In detail, precipitation varies markedly across the Alps by both yearly and seasonal totals, and in response to variations in moisture source, wind direction and microclimate (Frei & Schär 1998; Casty et al. 2005; North et al. 2007). Precipitation is highest on the northern side of the Alps, and decreases from west to east with distance from Atlantic source regions. Temperature variability across the Alps is mainly by elevation, with valley floors substantially warmer than adjacent mountain tops. Temperature inversions are common during winter (Agrawala 2007). Variation in alpine climate is also linked closely to the North Atlantic Oscillation, which in part determines the trajectory of precipitation-bearing storm tracks across Europe, as well as temperature anomalies (Beniston & Jungo 2002; Casty et al. 2005; Bartolini et al. 2009).
The distribution and thickness of alpine permafrost closely follows these temperature and precipitation patterns (Harris et al. 2003; Luetschg et al. 2008). On north-facing slopes, permafrost occurs at altitudes above 2600 m, on south-facing slopes above 3000 m, and in zones with long-lasting avalanche snow at altitudes several hundred metres lower (Haeberli 1975; Lieb 1998; Luetschg et al. 2008). Permafrost is also sensitive to snowcover, topography, aspect and ground surface material (Damm 2007). Recent studies show ongoing permafrost warming in the European Alps: during the twentieth century, permafrost warmed by 0.5 to 0.8°C in the upper tens of metres (Gruber et al. 2004), particularly at higher elevations, with accompanying thickening of the seasonal active layer (Harris et al. 2003, 2009).
Recent climate-change effects are also recorded in alpine glaciers (Haeberli et al. 2007; Huss et al. 2008) which, by the 1970s, had lost 35 per cent of their 1850 value of total area, and almost 50 per cent by 2000 (Zemp et al. 2006). Across the Alps, however, there is wide variability in glacier response, attributed to microclimate effects (Lambrecht & Kuhn 2007). Changes in snowmelt and glacier ablation have implications for the amount and timing of mountain-river discharge.

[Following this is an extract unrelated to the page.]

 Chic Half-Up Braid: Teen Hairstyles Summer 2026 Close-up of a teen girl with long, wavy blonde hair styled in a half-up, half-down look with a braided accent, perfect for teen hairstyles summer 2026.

(a) Future climate patterns in the European Alps
Modelled predictions of future climate changes in the European Alps, including spatial and temporal patterns of temperature and precipitation anomalies relative to present conditions, have been undertaken on both continental and regional scales. Following Déqué et al. (2007), it is argued that the temperature in the European Alps will increase by 0.3 to 0.45°C per decade to 2100 from 1961 to 1990 mean values, with a higher expected increase in summer and autumn and increased frequency of summer heatwaves (Beniston 2004). This averaged value will be substantially modified, however, by altitudinal and other local effects. Changes in precipitation in Europe will result in a higher north–south gradient, with increased precipitation in the north (especially in winter) and a strong decrease in the south (especially in summer). In the Eastern Alps, winter precipitation is expected to increase in the northwest and decrease in the south and east, with increased precipitation intensity in all regions (Frei et al. 2005). Despite uncertainties related to regional climate simulations of precipitation in complex terrain, Beniston (2006) suggested that mean and extreme precipitation values may undergo a seasonal shift, with more spring and autumn heavy precipitation events than at present, and fewer in summer.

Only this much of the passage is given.